Aberdeen City Council Annual Accounts 2005/2006
This page consists of the foreword by the City Chamberlain. A full index is available at the right of this page, which provides links to the individual documents within the Statement.
Introduction
On an annual basis the Council publishes a set of Financial Statements which comply with recognised Accounting Codes of Practice. The purpose of the Financial Statements is to demonstrate the Council's proper stewardship and accountability of the public funds to which it is entrusted.
This foreword provides an explanation of the Council's Financial Statements, along with a summary of the financial out-turn for the year ended 31 March 2006.
Financial Statements
Consolidated Revenue Account
Provides a summary of expenditure and income in delivering services within the City. Information is also provided as to how the net cost of these services is financed from Revenue Support Grant, Non-Domestic Rates and Council Tax. It also identifies the General Fund surplus/deficit and the balance that is to be carried forward to next financial year.
Housing Revenue Account (HRA)
Reflects the statutory requirement to account for local authority housing provision, as defined in the Housing (Scotland) Act 1987. It shows the major elements of housing revenue expenditure and capital financing costs and how these are funded through rents, housing support grant and other income.
Non-Domestic Rate Income & Council Tax Income Accounts
Provides details of the gross and net income raised from Non-Domestic Rates and Council Tax. The Non-Domestic Rate income account also details the net contribution to the National Non-Domestic Rate Pool.
Consolidated Balance Sheet
This brings together the balances in the Council's Accounts and covers the General Fund, Housing Revenue Account, Loans Fund and the Trading Account Balance Sheets. It excludes the Pension Funds, Trust Funds, and the Common Good. These are separately accounted for.
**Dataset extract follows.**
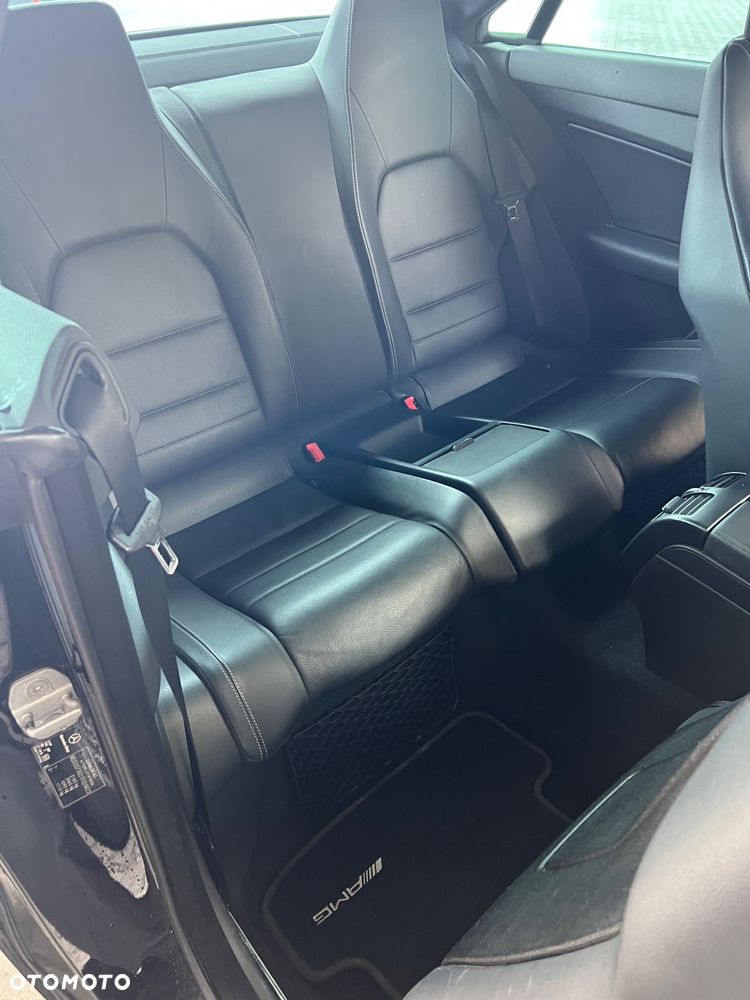 Mercedes-Benz Klasa E 250 CDI BlueEff - 14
Notes to Consolidated Balance Sheet
Provides additional information on the various financial transactions that are not separately detailed in these statements.
Statement of Total Movement of Funds and Reserves
Provides for the various capital and revenue reserves details of the movements, that is the gains or losses, during the year.
Cash Flow Statement
Provides details of the inflows and outflows of cash, for both revenue and capital items, which arise from transactions with third parties.
Group Accounts
As a result of increased interaction between the public services and private sector, the Statement of Recommended Practice (SORP) on Local Authority Accounting has been revised. This revision requires Councils to provide more information about their interest in subsidiaries, associates and joint ventures by way of publication of a set of Group Accounts.
Additional information is also required covering the comprehensive accounting requirements for consolidation of the transactions and balances of subsidiaries and of interests in associates and joint ventures that will ensure group accounts provide a complete picture of the authoritys control over other entities.
This Councils Group Accounts are shown on pages 54 to 64.
Trading Operations - Summary of Results
Summarises the expenditure and income of the Council's significant trading operations as required under the Local Government Scotland Act 2003. The significant trading operations fall into six sections - building maintenance; environmental services (formerly street cleansing and refuse collection); road maintenance; the letting of industrial, commercial and other properties; maintenance of grounds, and the provision and management of car parking facilities.
Pension Fund Accounts
Provides details of the accounting policies, the financial transactions including the disposition of the funds and the net asset statements at the year-end for the two pension funds that the Council administers on behalf of a number of local authorities, public sector bodies and other admitted bodies.
Trust Funds and Common Good Account
Provides details of expenditure and income, along with the valuation of the respective funds.
Financial Out-turn 2005/06
General Fund - Revenue Expenditure
In 2005/06 Aberdeen City Council approved a General Fund revenue budget of £359.975 million. The principal sources of finance to meet this level of expenditure are the Revenue Support Grant (RSG) and Non-Domestic Rate Income (NDRI), both of which are determined by the Scottish Parliament. The Non-Domestic Rate poundage set for 2005/06 was 46.1 pence. There is also a small supplement on the poundage rate (0.45p) for subjects with a rateable value greater than £29,000 to cover the additional costs of the Scheme.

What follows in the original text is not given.